Kılıçdaroğlu, konuşmada "Milletvekilliği garanti mi diye söyleyenlerin dava insanı olmaya hakları da hukukları da yoktur" ifadesini kullanırken bireysel çıkarlar peşinde koştuğunu ifade ettiği kişiler için parti kapısının önünü gösterdi.

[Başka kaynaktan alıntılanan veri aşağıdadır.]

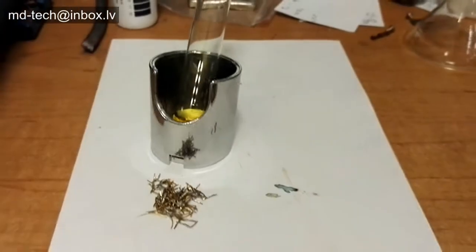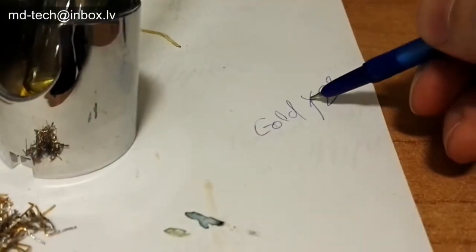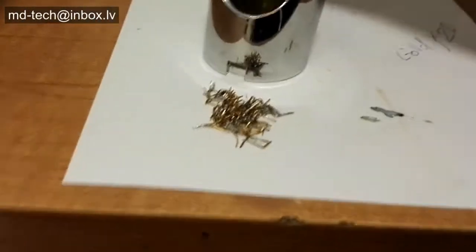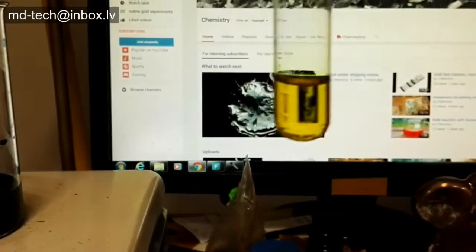Today I show the selectivity of gold stripping reagent. This is a non-cyanide reagent. Gold is removed 5 times faster than the cyanide method. No danger fumes and safe for hands.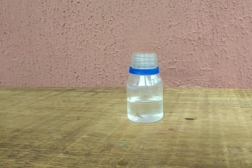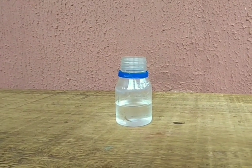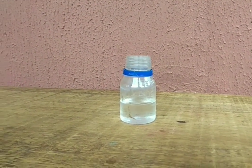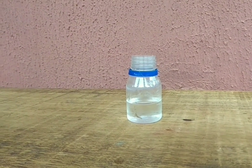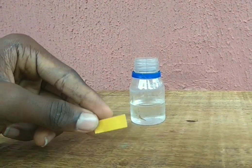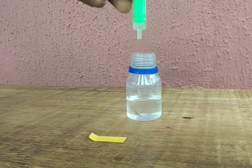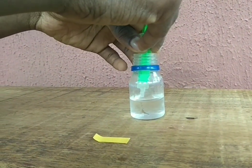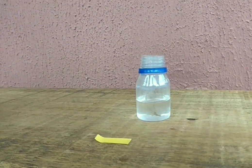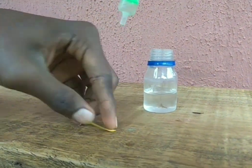Here's our end product — about 20 milliliters of purified acetic acid. Now to test for the pH, I'm going to use a yellow pH paper. Let's just take a little of it and see the color difference on the pH paper.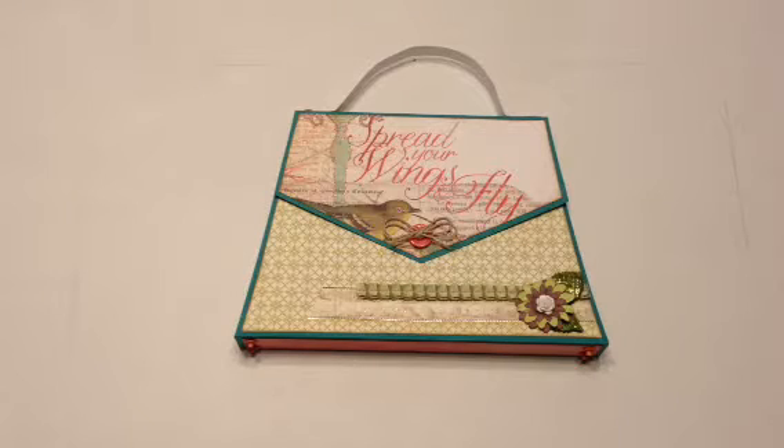Hi everyone, Yvette here from Together Sisters Create. Today I have created a mini album shaped like a purse and I used a tutorial that I bought from Dawn's Inspirations.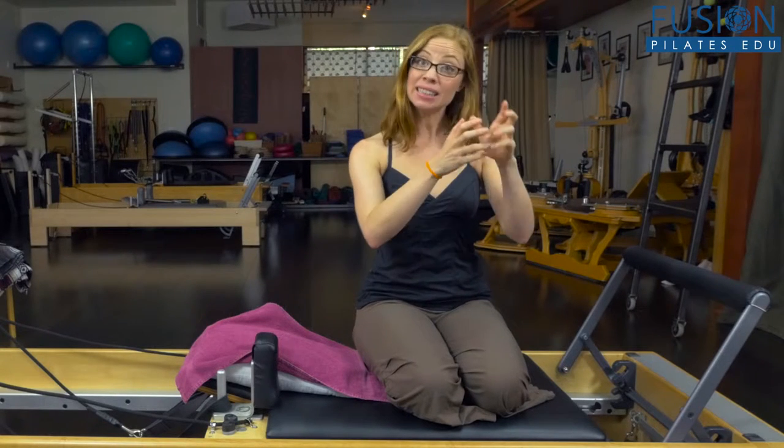The beauty of the Pilates work that we do in the studio is we go from micro to macro and back again. We're constantly detailing small, subtle adjustments, but not without forgetting that the whole body has to share in that response. So we're going to play a little bit with zooming in and zooming out in something simple like footwork, so that we can see how powerful it is to take a step back from our clients and move around them on the reformer while teaching, to find these other key pieces that are holding up what we're trying to cue and change.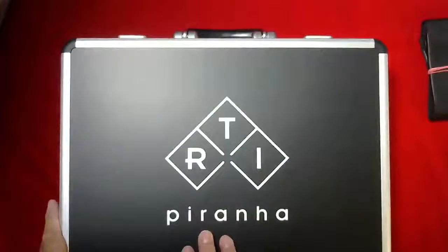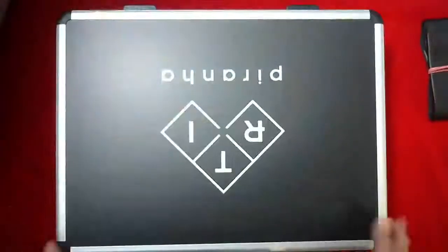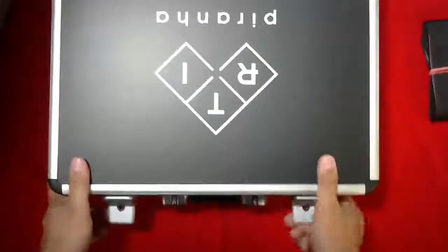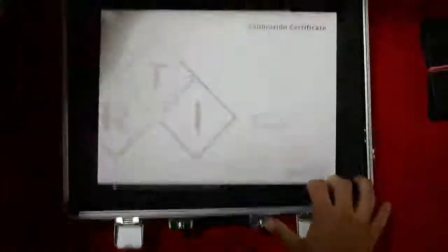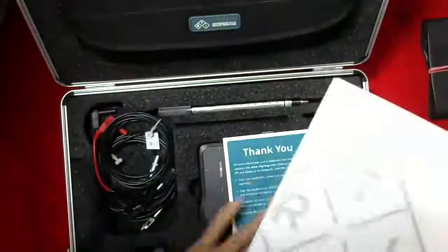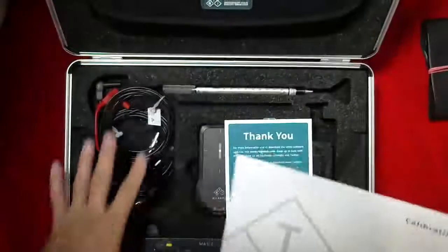You'll see RTI Piranha — this is the meter. This is the part that goes up when you're opening it. It's a two-clasp quick open. A nice presentation for the case — everything has its own spot.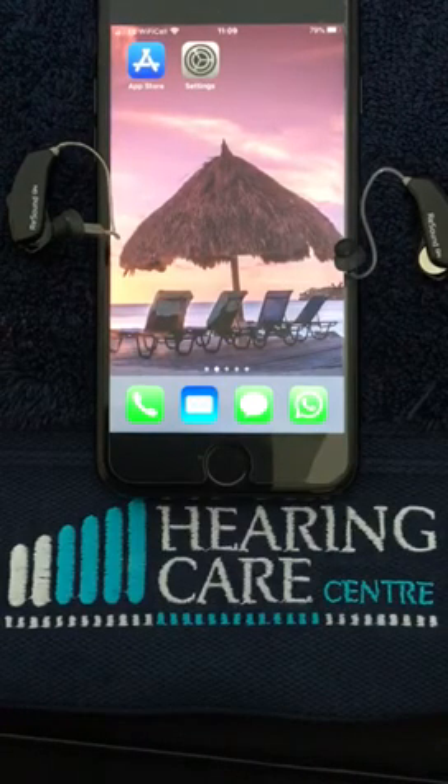Hello. This short video is to demonstrate how to download the ReSound app onto your mobile phone or your tablet.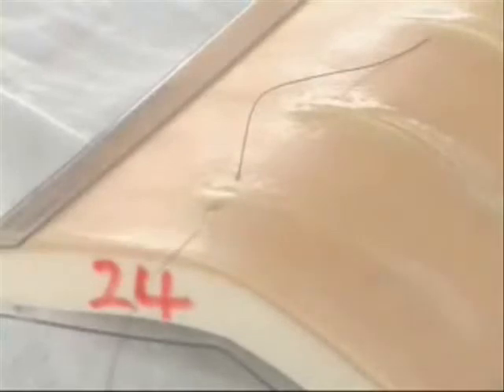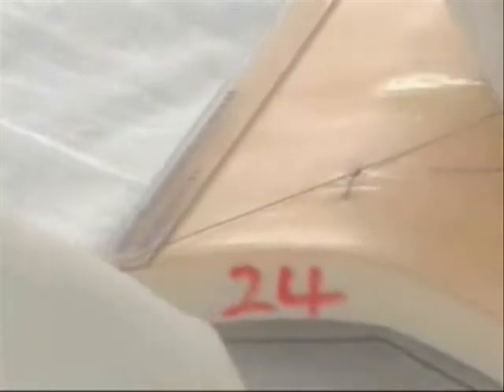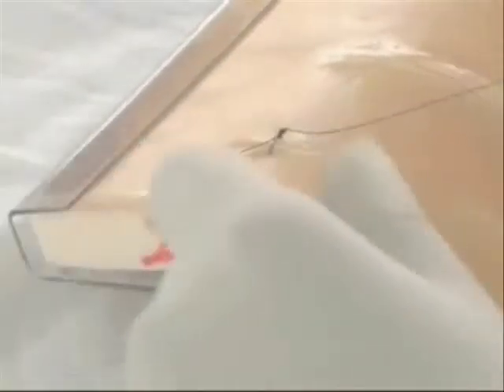Then I can drop the needle. I can tie either by hand or by instrument. I put three knots, and then I cut.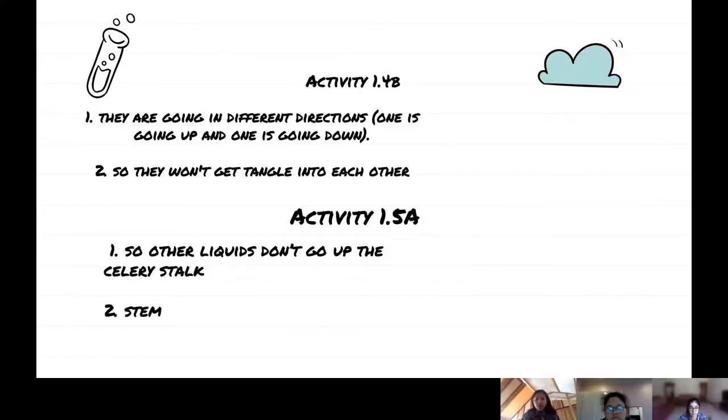Activity 1.4 B, number one: they are going in a different direction. Some are going up and one is going down, so they won't get tangled into each other.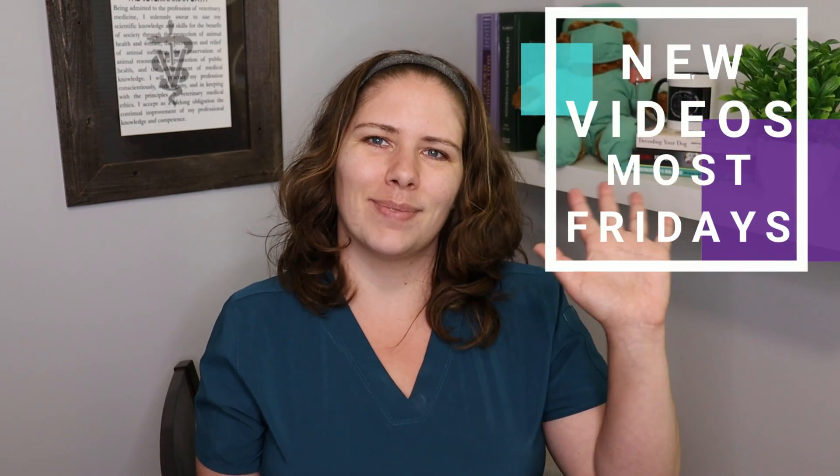I look forward to the day where declaws are banned everywhere and humans have learned to offer the appropriate scratching enrichment their felines need, so that we can live in better harmony with our cats. Please comment if you would like a video on how to train a cat to use a scratching post, and don't hesitate to comment if you have another topic you'd like me to cover. I look forward to hearing from you. Thank you for joining me today — I hope to see you next Friday as I post a new video most Fridays. Take care, bye!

CHP'nin 19. Olağanüstü Kurultayı çalışmalarına başladı. CHP Genel Başkanı Kemal Kılıçdaroğlu, Yenimahalle Nazım Hikmet Kültür Merkezi'nde gerçekleştirilen kurultayı, çoğunluk sağlandığını belirterek başlattı. Kılıçdaroğlu, saygı duruşu ve İstiklal Marşı'nın okunmasının ardından Divan Başkanlığı için verilen bir önergeyi okudu. Divan Başkanlığı için önerilen Parti Meclisi (PM) üyesi Hakkı Süha Okay, oy birliği ile seçildi. Tüzük kurultayı 2 gün sürecek.Daha sonra bir konuşma yapan Kılıçdaroğlu'nun açıklamalarından satırbaşları şöyle:
Bugün İstanbul'da çok önemli bir dava var. Cumhuriyet gazetesi davası. Haksız olarak Ahmet Şık, 434 gündür, Akın Atalay 495 gündür, Murat Sabuncu 495 gündür tutuklu. Tamamen yapay bir davayla, suni bir iddianameyle bu arkadaşlar bir yıldan fazladır hapisteler. Umarız bugünkü duruşmada bu arkadaşlar serbest bırakılır ve görevlerinin başlarına dönerler.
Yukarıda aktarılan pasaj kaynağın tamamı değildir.